*LISTED ENTRIES:*
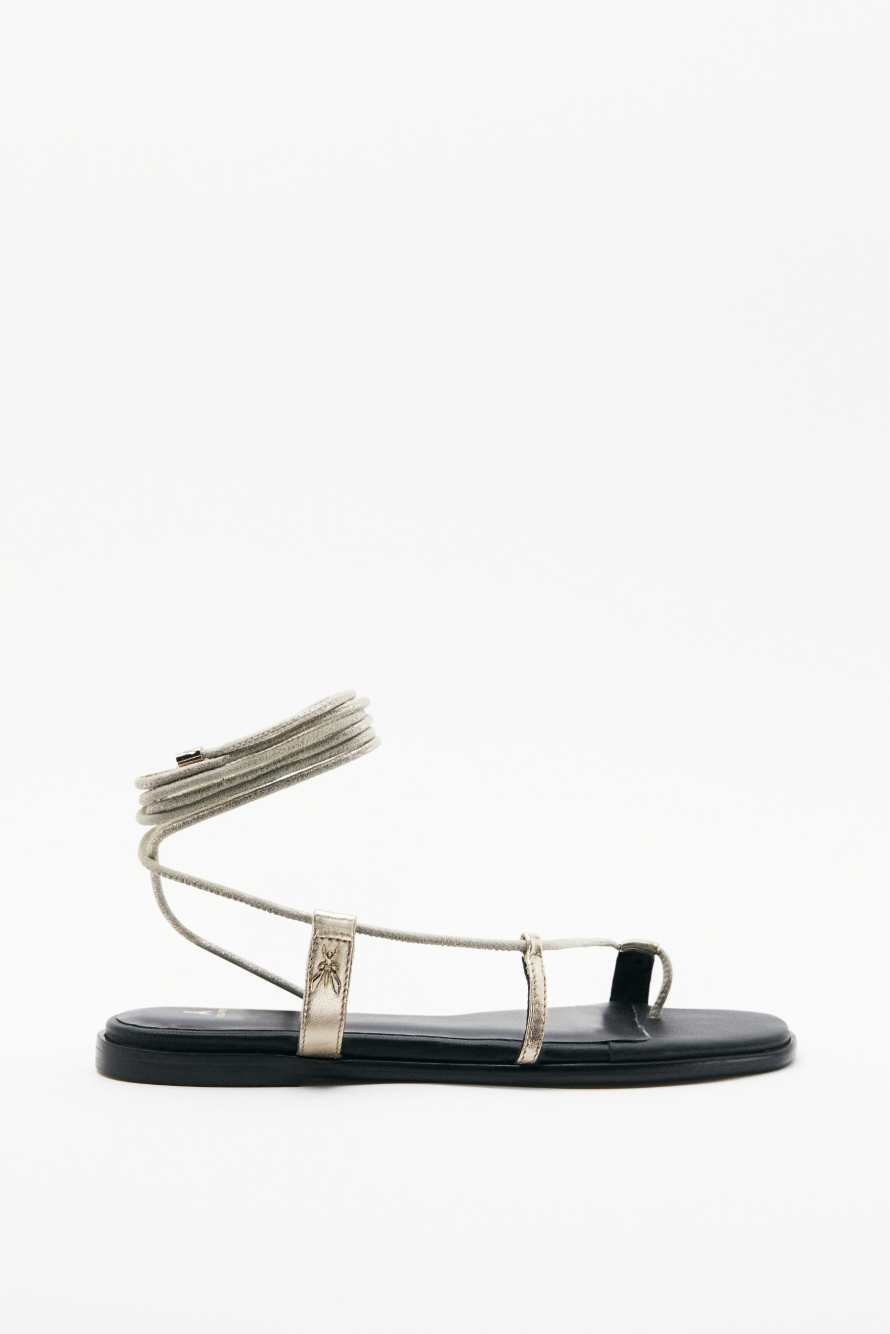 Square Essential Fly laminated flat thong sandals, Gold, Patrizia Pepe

...

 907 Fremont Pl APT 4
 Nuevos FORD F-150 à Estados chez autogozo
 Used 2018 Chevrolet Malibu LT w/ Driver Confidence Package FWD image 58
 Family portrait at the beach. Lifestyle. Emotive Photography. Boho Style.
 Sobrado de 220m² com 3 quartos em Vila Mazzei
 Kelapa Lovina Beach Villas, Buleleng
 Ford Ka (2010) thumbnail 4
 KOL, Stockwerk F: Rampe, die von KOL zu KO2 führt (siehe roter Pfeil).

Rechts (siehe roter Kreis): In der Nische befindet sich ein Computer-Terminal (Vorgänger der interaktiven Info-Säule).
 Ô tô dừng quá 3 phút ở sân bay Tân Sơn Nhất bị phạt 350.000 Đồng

---

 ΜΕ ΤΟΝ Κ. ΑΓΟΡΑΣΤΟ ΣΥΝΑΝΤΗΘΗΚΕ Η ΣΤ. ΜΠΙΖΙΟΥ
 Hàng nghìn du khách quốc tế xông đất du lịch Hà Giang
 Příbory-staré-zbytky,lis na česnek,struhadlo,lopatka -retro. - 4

*EXERCISE:* Each line in the entries above, starting at the line with "Nuevos FORD F-150 à Estados chez autogozo" and ending at the line with "Sobrado de 220m²", is to be printed exactly, and only those lines.

*WRITTEN RESPONSE:*
 Nuevos FORD F-150 à Estados chez autogozo
 Used 2018 Chevrolet Malibu LT w/ Driver Confidence Package FWD image 58
 Family portrait at the beach. Lifestyle. Emotive Photography. Boho Style.
 Sobrado de 220m² com 3 quartos em Vila Mazzei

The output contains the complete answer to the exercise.